Russell betont ruhig und gelassen
Dennoch spielt Russell die Bedeutung des Vorfalls herunter: "Ich denke, das war für euch und für die öffentliche Wahrnehmung wichtiger als für mich. Für mich gab es nie Zweifel. Ich weiß, ihr Jungs habt das gesamte Formel-1-Jahr nicht wirklich wahrgenommen. Ihr habt es nur nie bemerkt, weil ich nie an der Spitze gekämpft habe. Jetzt kämpfe ich um große Punkte."

Kimi Antonelli und George Russell im direkten Duell
Foto: Sutton Images
Zur Untersuchung des Vorfalls sagt Russell: "Ich habe es nicht für nötig gehalten, etwas zu sagen, und es wurde nicht untersucht. Also gehe ich davon aus, dass die Rennleitung und die Stewards das ähnlich gesehen haben. Ich muss es aber noch einmal prüfen. Die Rennleitung hat uns in der Vergangenheit ziemlich hart bestraft und ich möchte keinen Fehler machen."
"Ich habe Kimi gesagt, dass ich nach dem Vorfall etwas verärgert war und im Eifer des Gefechts vielleicht überreagiert habe."
Antonelli bewertet den Vorfall anders als Russell
Antonelli schilderte die Situation etwas anders. Nach einem internen Mercedes-Gespräch habe er die Angelegenheit aus einer anderen Perspektive betrachtet.
"Wahrscheinlich habe ich die Bedeutung dieses Treffens etwas anders verstanden", sagt er. "Die Emotionen waren im Moment sehr hoch und offensichtlich war ich sehr genervt. Aber ich muss noch einmal nachfragen, worüber genau gesprochen wurde, und dann werden wir das klären."
Lernprozess für Antonelli
Ob Russell oder Antonelli im Recht war, liegt letztlich im Ermessen der Stewards. Fest steht jedoch, dass der Vorfall für den jungen Antonelli eine wichtige Lernerfahrung darstellen könnte. Besonders sein etwas optimistisches Manöver in Kurve Acht sowie seine anhaltenden Funksprüche führten dazu, dass sich sogar Toto Wolff mehrfach einschaltete.

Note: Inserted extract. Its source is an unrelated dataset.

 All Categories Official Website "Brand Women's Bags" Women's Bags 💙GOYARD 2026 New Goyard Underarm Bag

"Es ist wichtig, sich daran zu erinnern, dass Antonelli erst 19 Jahre alt ist und noch nicht seine komplette Entwicklung abgeschlossen hat. Das wird vermutlich nicht das letzte Mal gewesen sein, dass er mit Russell Rad an Rad kämpft, sofern Mercedes seine frühere Dominanz in Kanada wieder erreicht."

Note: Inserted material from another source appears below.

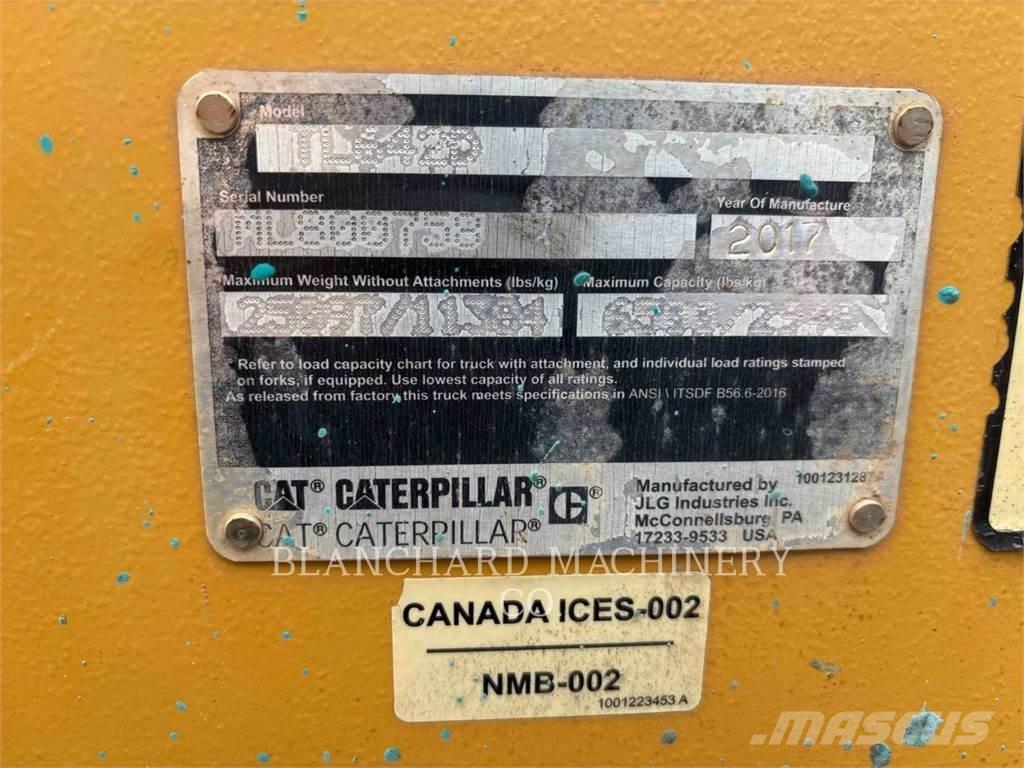 CAT TL642D Manipulador telescópico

Der nächste Entwicklungsschritt als Teamleader
Da sich der Italiener in einer Mannschaft mit großem Druck befindet und nach oben strebt, könnte der nächste Schritt seiner Entwicklung darin bestehen, sich in einer Führungsrolle zu behaupten. Antonellis jugendlicher Charme und seine verspielte Art könnten dabei ebenso entscheidend sein wie die Entschlossenheit, die ihn bereits dazu gebracht hat, Russell als "Killer" zu bezeichnen, wie Wolff kürzlich verriet.

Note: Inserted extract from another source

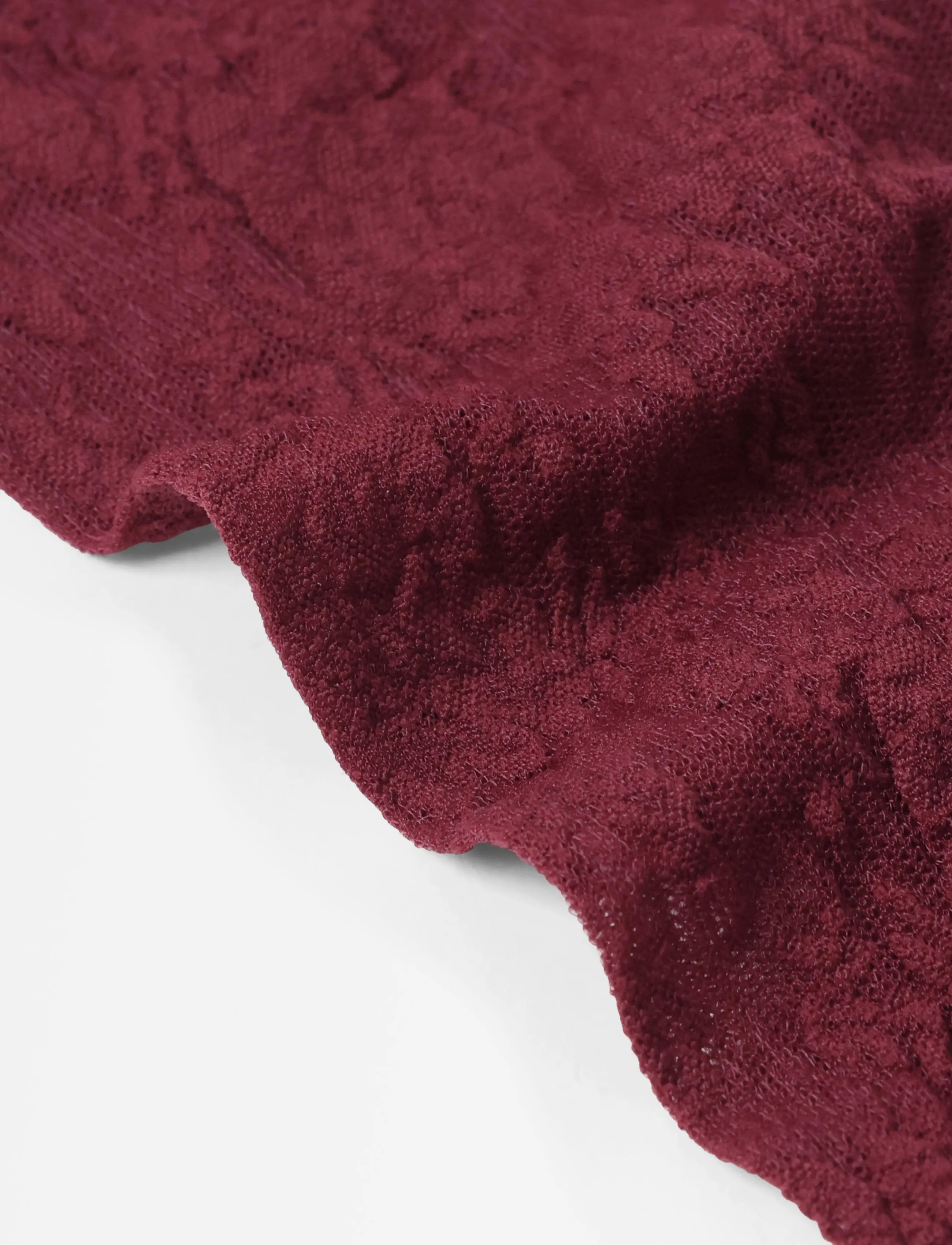 Lindex - Tights in lace 40 denier - besondere anlässe - dark dusty lilac - 2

In der Formel 1 entwickelt sich aus engen Rivalitäten zwischen Teamkollegen oft eine besondere Dynamik. Lewis Hamilton und Nico Rosberg wurden bei Mercedes vom Teamkollegen zum erbitterten Rivalen. Rosberg sagte später: "Was ich aus dieser Zeit gelernt habe, ist, dass man bereit sein muss, Dinge zu tun, die man zuvor nie getan hätte."